When we started the band, Uncle Geek (not his real name) was a huge supporter. He ordered one of our t-shirts custom so he could get a pocket T – he, like my grandfather did, wears his pens and notebooks in a pocket protecter in his t-shirt, unapologetically rebelling from the norm.

In our touring life, we’ve met a lot of awesome people who have adopted the “Uncle Geek” role. Not everybody can have nerdy parents (I didn’t)… but having that geeky Uncle to show you the way… the way of Linux and Monty Python and Weird Al… that’s a wonderful part of growing up.

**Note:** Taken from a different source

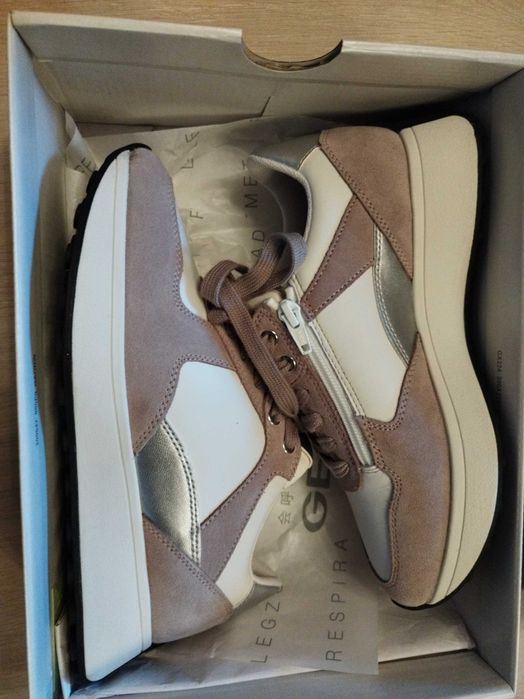 Чисто нов,GEOX,ном.38, 169лв.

3 thoughts on “Happy Pi Day: a story about our Uncle Geek

  1. When I was a kid, my best friends parents hosted a lot of nerdy gatherings. When we graduated high school, my friend’s mom said “there is no way to pay us back. Just pay it forward. Have a home that welcomes people.”

  2. Sadly, I had to find that way all by myself. But I hope that one day I’ll be the Uncle Geek and show to someone the way of Linux and Monty Python and tabletop boardgames and RPGs and — last but definitely not least — The Doubleclicks one day. :)

    PS I really hope I’ll see you two, Aubrey and Angela, at one of Wil Wheaton’s TableTop episodes.